** Opening Record set block **
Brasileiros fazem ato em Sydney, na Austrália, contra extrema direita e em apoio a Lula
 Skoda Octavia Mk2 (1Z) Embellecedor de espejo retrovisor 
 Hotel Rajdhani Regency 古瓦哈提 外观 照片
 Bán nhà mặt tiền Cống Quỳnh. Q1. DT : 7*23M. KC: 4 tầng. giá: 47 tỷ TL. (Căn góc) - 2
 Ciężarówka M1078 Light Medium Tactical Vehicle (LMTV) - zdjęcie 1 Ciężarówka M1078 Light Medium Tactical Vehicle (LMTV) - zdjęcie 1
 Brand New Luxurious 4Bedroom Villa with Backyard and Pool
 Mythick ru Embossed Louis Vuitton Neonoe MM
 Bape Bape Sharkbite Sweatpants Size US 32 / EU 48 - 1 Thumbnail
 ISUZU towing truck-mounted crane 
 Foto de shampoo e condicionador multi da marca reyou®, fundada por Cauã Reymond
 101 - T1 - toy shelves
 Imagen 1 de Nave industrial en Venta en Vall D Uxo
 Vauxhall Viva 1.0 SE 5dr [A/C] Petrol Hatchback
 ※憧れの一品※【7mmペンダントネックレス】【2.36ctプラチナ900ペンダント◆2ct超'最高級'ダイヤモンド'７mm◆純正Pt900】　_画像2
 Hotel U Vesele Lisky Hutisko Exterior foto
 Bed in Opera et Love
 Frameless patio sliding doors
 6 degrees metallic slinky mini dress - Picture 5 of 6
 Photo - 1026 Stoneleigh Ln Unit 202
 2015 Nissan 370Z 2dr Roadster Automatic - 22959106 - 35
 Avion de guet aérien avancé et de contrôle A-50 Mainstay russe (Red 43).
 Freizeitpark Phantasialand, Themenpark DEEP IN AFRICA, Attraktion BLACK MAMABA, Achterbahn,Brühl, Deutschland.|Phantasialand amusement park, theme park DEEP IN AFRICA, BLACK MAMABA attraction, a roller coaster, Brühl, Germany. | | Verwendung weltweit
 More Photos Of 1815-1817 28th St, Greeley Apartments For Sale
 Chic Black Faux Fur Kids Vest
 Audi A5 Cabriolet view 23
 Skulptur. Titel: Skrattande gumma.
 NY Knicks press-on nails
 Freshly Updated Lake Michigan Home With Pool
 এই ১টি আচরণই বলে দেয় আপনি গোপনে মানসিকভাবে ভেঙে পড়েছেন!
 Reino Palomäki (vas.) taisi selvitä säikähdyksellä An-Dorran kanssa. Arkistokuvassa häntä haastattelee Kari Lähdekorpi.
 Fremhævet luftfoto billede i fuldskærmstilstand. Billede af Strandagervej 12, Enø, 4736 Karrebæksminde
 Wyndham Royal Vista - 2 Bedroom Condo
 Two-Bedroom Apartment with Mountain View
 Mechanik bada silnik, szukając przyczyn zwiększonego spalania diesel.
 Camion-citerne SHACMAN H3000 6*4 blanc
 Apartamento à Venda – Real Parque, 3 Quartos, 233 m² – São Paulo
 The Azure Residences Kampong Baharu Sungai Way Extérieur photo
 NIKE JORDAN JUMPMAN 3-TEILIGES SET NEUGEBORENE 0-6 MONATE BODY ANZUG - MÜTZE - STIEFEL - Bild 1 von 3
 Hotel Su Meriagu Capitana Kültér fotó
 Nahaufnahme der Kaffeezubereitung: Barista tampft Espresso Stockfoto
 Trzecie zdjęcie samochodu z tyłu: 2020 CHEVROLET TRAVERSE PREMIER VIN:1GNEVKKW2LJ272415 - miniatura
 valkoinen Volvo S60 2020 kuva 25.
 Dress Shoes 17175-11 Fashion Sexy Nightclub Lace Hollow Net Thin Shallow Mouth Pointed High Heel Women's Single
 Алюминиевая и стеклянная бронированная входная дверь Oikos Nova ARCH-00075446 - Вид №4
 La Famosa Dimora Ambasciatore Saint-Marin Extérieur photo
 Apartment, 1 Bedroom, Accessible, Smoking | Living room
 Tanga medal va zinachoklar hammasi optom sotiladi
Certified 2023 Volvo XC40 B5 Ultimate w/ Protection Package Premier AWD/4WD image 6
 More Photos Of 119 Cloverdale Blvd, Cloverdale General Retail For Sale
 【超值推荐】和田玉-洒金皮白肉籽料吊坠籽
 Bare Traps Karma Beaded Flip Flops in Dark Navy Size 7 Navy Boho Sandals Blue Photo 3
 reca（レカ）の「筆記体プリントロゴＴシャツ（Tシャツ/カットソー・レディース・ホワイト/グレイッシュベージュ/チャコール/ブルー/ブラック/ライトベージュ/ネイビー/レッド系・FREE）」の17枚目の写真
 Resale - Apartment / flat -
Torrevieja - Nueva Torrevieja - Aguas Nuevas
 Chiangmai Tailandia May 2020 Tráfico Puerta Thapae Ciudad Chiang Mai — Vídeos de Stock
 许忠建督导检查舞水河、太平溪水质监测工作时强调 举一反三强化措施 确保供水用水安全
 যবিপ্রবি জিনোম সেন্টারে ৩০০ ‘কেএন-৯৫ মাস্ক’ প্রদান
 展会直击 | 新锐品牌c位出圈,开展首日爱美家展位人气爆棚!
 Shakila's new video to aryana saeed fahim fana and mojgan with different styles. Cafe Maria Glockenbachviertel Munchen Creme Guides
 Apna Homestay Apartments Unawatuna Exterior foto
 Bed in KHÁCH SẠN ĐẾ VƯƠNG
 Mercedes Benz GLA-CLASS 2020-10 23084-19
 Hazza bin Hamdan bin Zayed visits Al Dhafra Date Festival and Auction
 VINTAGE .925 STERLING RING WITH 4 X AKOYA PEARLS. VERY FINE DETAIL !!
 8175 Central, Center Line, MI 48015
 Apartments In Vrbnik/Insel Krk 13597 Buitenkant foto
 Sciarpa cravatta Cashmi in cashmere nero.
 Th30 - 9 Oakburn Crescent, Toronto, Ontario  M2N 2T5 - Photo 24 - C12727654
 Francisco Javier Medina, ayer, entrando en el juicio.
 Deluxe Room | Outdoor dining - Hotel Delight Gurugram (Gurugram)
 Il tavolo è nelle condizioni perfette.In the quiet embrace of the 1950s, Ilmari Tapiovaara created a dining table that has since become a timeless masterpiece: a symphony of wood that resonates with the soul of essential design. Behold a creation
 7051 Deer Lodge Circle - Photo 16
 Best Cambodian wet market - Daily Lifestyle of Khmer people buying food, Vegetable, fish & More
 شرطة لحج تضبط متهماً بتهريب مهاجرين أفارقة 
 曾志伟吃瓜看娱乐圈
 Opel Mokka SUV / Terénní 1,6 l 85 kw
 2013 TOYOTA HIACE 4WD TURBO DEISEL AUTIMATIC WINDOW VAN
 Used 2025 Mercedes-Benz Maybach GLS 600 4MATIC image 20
** Closing Record set block **
_What the task asks_
Write out the lines of the records exactly, starting at the one holding "Shakila's new video" and ending with the last line, and include no others.

_Answer box_
 Shakila's new video to aryana saeed fahim fana and mojgan with different styles. Cafe Maria Glockenbachviertel Munchen Creme Guides
 Apna Homestay Apartments Unawatuna Exterior foto
 Bed in KHÁCH SẠN ĐẾ VƯƠNG
 Mercedes Benz GLA-CLASS 2020-10 23084-19
 Hazza bin Hamdan bin Zayed visits Al Dhafra Date Festival and Auction
 VINTAGE .925 STERLING RING WITH 4 X AKOYA PEARLS. VERY FINE DETAIL !!
 8175 Central, Center Line, MI 48015
 Apartments In Vrbnik/Insel Krk 13597 Buitenkant foto
 Sciarpa cravatta Cashmi in cashmere nero.
 Th30 - 9 Oakburn Crescent, Toronto, Ontario  M2N 2T5 - Photo 24 - C12727654
 Francisco Javier Medina, ayer, entrando en el juicio.
 Deluxe Room | Outdoor dining - Hotel Delight Gurugram (Gurugram)
 Il tavolo è nelle condizioni perfette.In the quiet embrace of the 1950s, Ilmari Tapiovaara created a dining table that has since become a timeless masterpiece: a symphony of wood that resonates with the soul of essential design. Behold a creation
 7051 Deer Lodge Circle - Photo 16
 Best Cambodian wet market - Daily Lifestyle of Khmer people buying food, Vegetable, fish & More
 شرطة لحج تضبط متهماً بتهريب مهاجرين أفارقة 
 曾志伟吃瓜看娱乐圈
 Opel Mokka SUV / Terénní 1,6 l 85 kw
 2013 TOYOTA HIACE 4WD TURBO DEISEL AUTIMATIC WINDOW VAN
 Used 2025 Mercedes-Benz Maybach GLS 600 4MATIC image 20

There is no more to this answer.